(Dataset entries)
════════════════
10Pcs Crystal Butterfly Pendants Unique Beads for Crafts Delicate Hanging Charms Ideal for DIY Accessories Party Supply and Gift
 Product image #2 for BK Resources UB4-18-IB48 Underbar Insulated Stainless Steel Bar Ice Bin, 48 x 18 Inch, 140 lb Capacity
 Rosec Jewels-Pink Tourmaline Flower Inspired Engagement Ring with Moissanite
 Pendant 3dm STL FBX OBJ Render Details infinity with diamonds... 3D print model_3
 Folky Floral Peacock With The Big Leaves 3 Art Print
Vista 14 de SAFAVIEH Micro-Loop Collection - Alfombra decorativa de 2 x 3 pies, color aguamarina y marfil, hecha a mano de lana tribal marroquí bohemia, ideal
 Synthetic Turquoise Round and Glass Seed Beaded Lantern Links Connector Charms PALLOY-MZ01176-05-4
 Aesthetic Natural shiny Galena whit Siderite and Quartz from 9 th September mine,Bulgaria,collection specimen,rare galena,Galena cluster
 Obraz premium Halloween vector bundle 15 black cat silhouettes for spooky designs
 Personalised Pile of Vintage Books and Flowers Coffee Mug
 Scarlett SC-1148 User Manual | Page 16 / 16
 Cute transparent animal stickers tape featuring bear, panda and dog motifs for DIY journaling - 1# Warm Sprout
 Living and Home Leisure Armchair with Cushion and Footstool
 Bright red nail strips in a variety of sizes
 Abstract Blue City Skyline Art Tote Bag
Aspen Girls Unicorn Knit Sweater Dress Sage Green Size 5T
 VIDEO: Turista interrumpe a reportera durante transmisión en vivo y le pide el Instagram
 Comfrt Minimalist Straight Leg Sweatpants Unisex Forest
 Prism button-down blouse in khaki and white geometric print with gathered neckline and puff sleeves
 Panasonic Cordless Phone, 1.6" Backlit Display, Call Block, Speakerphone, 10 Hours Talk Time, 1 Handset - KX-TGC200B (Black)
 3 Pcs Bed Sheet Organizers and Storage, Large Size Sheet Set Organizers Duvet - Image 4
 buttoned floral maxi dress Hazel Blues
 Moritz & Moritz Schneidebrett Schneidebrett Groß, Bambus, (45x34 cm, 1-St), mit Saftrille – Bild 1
════════════════
Every line from the one containing "3 Pcs Bed Sheet" through the end of the entries above must be echoed exactly, with both ends kept.

 3 Pcs Bed Sheet Organizers and Storage, Large Size Sheet Set Organizers Duvet - Image 4
 buttoned floral maxi dress Hazel Blues
 Moritz & Moritz Schneidebrett Schneidebrett Groß, Bambus, (45x34 cm, 1-St), mit Saftrille – Bild 1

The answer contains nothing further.